Elfenbeinküste – Masken, Märkte, Moscheen und ein Petersdom

1. Oktober 2020
Südlichste Moschee im sudanesichen Baustil in Kong

Die Elfenbeinküste erstreckt sich vom halbtrockenen Sahelgebiet südlich der Sahara bis zur feuchttropischen Guineaküste Afrikas.  Man landet in Abidjan, der früheren Hauptstadt des Landes und wirtschaftlichen Metropole. Hier zeigen sich bereits die zwei Gesichter, die man im gesamten Kontinent vorfindet: modern, fortschrittlich, gut organisiert, wirtschaftlich entwickelt einerseits, andererseits archaisch, ärmlich, sehr ursprünglich. Allerdings ist dieser Teil der lebendigere, buntere und faszinierendere. Neben der Freundlichkeit und Hilfsbereitschaft der Menschen bewundert man überall ihr unglaubliches Improvisationstalent, vergleichbar mit dem unserer Eltern/Großeltern während und nach dem Krieg.

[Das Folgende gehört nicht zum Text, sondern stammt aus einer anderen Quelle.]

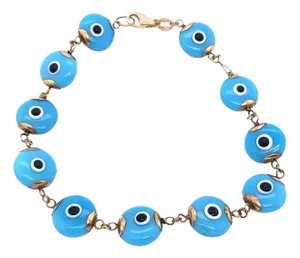 14 Karat Yellow Gold Blue Ceramic Evil Eye Charm Bracelet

Das Zentrum Abidjans imponiert mit breiten Boulevards, Hochhäusern und einer großen katholischen Kathedrale. Gleich in der Nähe findet man einen einheimischen Waschsalon. Männer stehen in einem Teich und reinigen mit viel Seife Kleidung und Tücher. Sie lagern sie auf schwimenden Reifen und trocknen sie am Ufer auf einer Wiese. Die Straßen bersten vor Verkaufsständen, fliegenden Händlern und Garküchen. Das Treiben setzt sich in verschiedene Häuser und Markthallen fort. Der Sandstrand am offenen Atlantik ist ebenso überfüllt wie bei uns Norderney.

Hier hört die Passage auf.